Creo que no habrá una verdadera solución al desbordamiento delincuencial a menos que se adopte un enfoque integral y se dé una respuesta sistémica y coordinada en la que ningún poder se margine. Todos los estamentos institucionales tienen que sumarse a la lucha contra la delincuencia, empezando desde abajo, con el fortalecimiento de las policías municipales y estatales, pero siguiendo con la regeneración de las procuradurías, del sistema judicial y el régimen carcelario. Lamentablemente, este acercamiento está ausente en el Plan del nuevo gobierno.
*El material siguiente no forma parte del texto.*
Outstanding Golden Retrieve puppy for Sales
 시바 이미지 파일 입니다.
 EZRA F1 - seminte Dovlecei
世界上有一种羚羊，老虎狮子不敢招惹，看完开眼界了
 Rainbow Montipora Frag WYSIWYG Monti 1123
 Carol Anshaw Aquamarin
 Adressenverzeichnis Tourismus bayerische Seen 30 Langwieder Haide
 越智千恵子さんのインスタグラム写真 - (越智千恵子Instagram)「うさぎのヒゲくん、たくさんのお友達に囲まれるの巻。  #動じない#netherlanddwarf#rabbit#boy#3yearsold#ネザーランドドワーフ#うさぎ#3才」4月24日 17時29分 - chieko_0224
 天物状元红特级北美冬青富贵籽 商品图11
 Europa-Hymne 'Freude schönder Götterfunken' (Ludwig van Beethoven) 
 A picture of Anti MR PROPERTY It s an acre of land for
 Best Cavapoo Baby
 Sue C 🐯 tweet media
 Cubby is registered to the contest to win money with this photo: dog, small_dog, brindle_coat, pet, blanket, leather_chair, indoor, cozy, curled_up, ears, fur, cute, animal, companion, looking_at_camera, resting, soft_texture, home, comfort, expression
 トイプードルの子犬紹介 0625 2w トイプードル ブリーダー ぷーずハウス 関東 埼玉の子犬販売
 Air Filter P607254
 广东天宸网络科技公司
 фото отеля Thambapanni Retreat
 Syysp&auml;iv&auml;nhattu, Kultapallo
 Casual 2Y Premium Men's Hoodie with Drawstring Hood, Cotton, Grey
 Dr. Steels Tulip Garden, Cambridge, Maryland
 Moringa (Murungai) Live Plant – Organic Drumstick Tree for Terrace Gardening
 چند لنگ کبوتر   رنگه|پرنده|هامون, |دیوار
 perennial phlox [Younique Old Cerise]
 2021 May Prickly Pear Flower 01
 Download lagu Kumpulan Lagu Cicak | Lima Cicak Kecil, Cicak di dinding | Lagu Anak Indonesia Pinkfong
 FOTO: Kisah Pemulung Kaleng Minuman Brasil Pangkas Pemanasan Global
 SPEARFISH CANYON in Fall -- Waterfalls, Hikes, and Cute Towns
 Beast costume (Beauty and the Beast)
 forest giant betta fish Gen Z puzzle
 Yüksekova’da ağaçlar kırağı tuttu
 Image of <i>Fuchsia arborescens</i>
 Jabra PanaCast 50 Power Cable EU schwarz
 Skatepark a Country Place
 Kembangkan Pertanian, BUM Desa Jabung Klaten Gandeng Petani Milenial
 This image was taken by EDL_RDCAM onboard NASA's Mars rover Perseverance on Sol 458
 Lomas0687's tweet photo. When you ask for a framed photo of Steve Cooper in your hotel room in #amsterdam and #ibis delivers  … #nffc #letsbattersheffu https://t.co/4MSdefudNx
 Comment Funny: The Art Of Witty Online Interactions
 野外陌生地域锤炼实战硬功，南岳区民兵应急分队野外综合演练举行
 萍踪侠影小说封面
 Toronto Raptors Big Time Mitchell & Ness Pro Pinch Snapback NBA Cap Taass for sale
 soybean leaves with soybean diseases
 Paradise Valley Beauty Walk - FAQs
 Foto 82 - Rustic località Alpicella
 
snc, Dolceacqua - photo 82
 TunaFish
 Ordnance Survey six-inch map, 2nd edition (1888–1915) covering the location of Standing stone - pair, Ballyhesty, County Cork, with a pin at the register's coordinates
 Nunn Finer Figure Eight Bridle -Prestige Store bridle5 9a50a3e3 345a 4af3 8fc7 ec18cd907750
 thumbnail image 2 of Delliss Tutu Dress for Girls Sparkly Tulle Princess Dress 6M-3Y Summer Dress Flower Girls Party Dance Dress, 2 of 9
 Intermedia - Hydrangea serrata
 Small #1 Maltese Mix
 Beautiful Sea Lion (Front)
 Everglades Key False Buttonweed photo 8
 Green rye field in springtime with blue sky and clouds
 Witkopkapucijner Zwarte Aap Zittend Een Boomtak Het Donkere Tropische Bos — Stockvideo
La Federación tiene instrumentos para persuadir a los gobiernos estatales y municipales de atender, con sentido de urgencia, los déficit institucionales que exhiben sus corporaciones con policías que ganan un promedio de 4 mil 500 pesos mensuales, sin entrenamiento, con armas viejas y sin protección social para ellos y sus familias; por no hablar de los corroídos sistemas de justicia en la mayoría de las entidades federativas. Se extraña, también, una visión de mediano y largo plazos que lleve a reemplazar a los soldados por policías civiles profesionales.
Más que en ninguna otra, en esta materia la nueva administración no tiene derecho a equivocarse, a ir construyendo a traspiés, con el método de prueba y error. No, no puede fallar.